#### EXERCISE OBJECTIVE:
Print the entries once more, unchanged.

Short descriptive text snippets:

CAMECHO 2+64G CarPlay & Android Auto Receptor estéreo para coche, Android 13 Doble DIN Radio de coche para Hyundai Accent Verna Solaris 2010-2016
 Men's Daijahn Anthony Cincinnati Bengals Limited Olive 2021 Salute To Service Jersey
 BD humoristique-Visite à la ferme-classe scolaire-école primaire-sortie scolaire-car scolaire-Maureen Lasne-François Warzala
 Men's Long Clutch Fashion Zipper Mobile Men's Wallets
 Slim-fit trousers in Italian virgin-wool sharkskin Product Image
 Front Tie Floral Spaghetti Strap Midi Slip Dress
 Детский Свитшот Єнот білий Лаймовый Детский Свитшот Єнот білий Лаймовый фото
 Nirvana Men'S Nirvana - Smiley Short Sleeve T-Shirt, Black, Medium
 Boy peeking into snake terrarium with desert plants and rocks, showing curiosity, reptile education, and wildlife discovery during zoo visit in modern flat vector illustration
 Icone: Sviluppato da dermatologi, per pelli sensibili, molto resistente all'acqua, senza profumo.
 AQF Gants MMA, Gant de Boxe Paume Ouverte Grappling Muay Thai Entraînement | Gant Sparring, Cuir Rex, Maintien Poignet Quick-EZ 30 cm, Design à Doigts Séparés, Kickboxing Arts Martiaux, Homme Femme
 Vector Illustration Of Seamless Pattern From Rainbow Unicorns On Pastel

#### SOLVED PROBLEM:
CAMECHO 2+64G CarPlay & Android Auto Receptor estéreo para coche, Android 13 Doble DIN Radio de coche para Hyundai Accent Verna Solaris 2010-2016
 Men's Daijahn Anthony Cincinnati Bengals Limited Olive 2021 Salute To Service Jersey
 BD humoristique-Visite à la ferme-classe scolaire-école primaire-sortie scolaire-car scolaire-Maureen Lasne-François Warzala
 Men's Long Clutch Fashion Zipper Mobile Men's Wallets
 Slim-fit trousers in Italian virgin-wool sharkskin Product Image
 Front Tie Floral Spaghetti Strap Midi Slip Dress
 Детский Свитшот Єнот білий Лаймовый Детский Свитшот Єнот білий Лаймовый фото
 Nirvana Men'S Nirvana - Smiley Short Sleeve T-Shirt, Black, Medium
 Boy peeking into snake terrarium with desert plants and rocks, showing curiosity, reptile education, and wildlife discovery during zoo visit in modern flat vector illustration
 Icone: Sviluppato da dermatologi, per pelli sensibili, molto resistente all'acqua, senza profumo.
 AQF Gants MMA, Gant de Boxe Paume Ouverte Grappling Muay Thai Entraînement | Gant Sparring, Cuir Rex, Maintien Poignet Quick-EZ 30 cm, Design à Doigts Séparés, Kickboxing Arts Martiaux, Homme Femme
 Vector Illustration Of Seamless Pattern From Rainbow Unicorns On Pastel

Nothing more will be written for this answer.